Carlo Presotto: «Il testo è di Enrico Castellani e Valeria Raimondi di Babilonia Teatri e nasce da un progetto del Napoli Teatro Festival che prevedeva di porre delle domande sul futuro del mondo a degli scienziati di livello internazionale, poi a delle compagnie di tutta Italia veniva commissionata la realizzazione di un corto su quello che rispondevano gli scienziati. La domanda posta a Paul Rorberts, divulgatore statunitense che si occupa di cibo e di problemi, ha scritto un bellissimo libro, “La fine del cibo”, era: che cosa mangeremo in futuro? Lui ha dato una risposta molto articolata dicendo che il problema di cosa mangeremo è che ci stiamo distanziando e stiamo creando sempre più la rimozione di un tema molto importante: secondo lui la rimozione dell’argomento “cibo” è legata alla rimozione del nostro rapporto, della dimensione organica, della vita, del tempo, del corpo e dello spazio».

Perché dello spazio?

«Luoghi che abitiamo: lui disegna i non luoghi, i non cibi, i non tempi. I non luoghi sono i luoghi di attraversamento, centri commerciali, aeroporti, autostrade e vie di comunicazione, sono uguali in tutto il mondo e sospendono la dimensione della mente locale, dell’ abitare un luogo, i cibi tendono a sradicarsi da un gusto locale».

Cosa mangeremo nel futuro? (Art. corrente, Pag. 1, Foto generica)Mangi il cous cous in Islanda.

«Oppure, appunto, le catene non solo di fast food, ma anche di cibi confezionati, sapori che fino alla generazione dei nostri nonni sarebbero stati impraticabili: io ricordo i primi viaggi in Inghilterra o negli Stati Uniti, l’odore del cibo differente, adesso è molto più sfumata questa cosa, ci siamo abituati anche a una globalizzazione del gusto che vuol dire, probabilmente, anche fuggire un po’ da noi stessi. All’interno di questo, il gioco di Castellani e Raimondi è stato quello di partire ridendo col pubblico per poi via via scoprire che questa risata che viene dalla pancia è una forma di difesa e di reazione a un comportamento che noi riconosciamo concretamente nei nostri gesti quotidiani e di cui vediamo un’assurdità messa in scena. Assurdità che poi non è giudicante perché se vedi il bello di questo pezzo è che non dà morali, non dice “giusto” o “sbagliato”, mette le cose in scena e poi ognuno si ritrova e si relaziona con questo».

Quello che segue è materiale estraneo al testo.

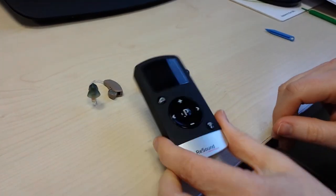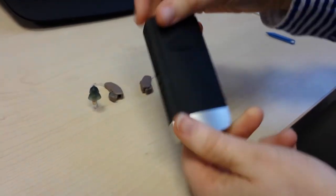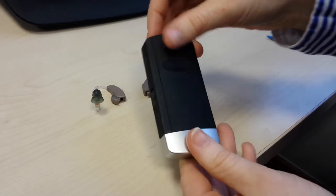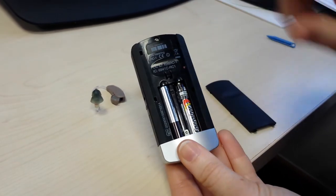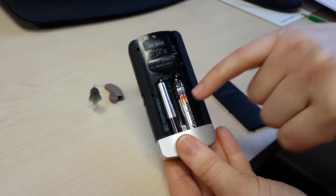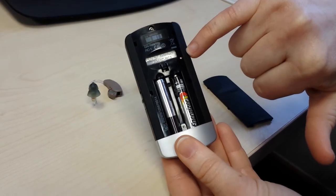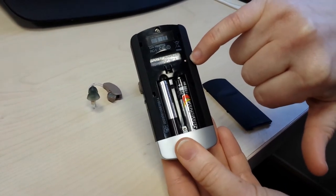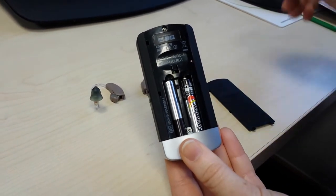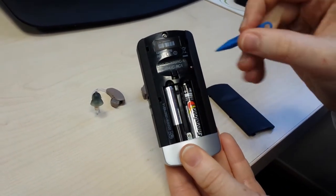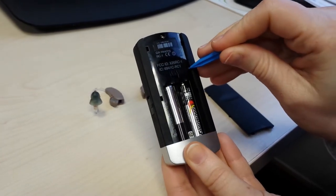Take the remote control, turn it over and remove the back case. By the batteries you will see a very small red button. Press the button down firmly using a pin.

Poi avete sul palco delle pile di piatti: li pulite, li usate, ci giocate.

«Sono tutti vuoti e anche il frigo è vuoto».

Esattamente, in pratica il cibo non esiste.

«La domanda è : che cosa mangeremo in futuro? Alla fine l’unica cosa alimentare che c’è in scena siamo noi, l’unica cosa che racconta concretamente, tutto il resto è una mancanza, un vuoto, una rimozione».

Sembra uno spettacolo per gente ossessionata dal cibo.

«Guardiamo la televisione, i programmi sulla cucina…».

È un’invasione.

«Ci sarà qualche motivo: sento che questa ossessione ha a che fare con noi e con le ossessioni e insieme a delle rimozioni, allora rimuoviamo la nascita, la morte, la malattia, tendiamo a metterle fuori dal nostro orizzonte e lo riempiamo con l’esibizione del mangiare e del cucinare».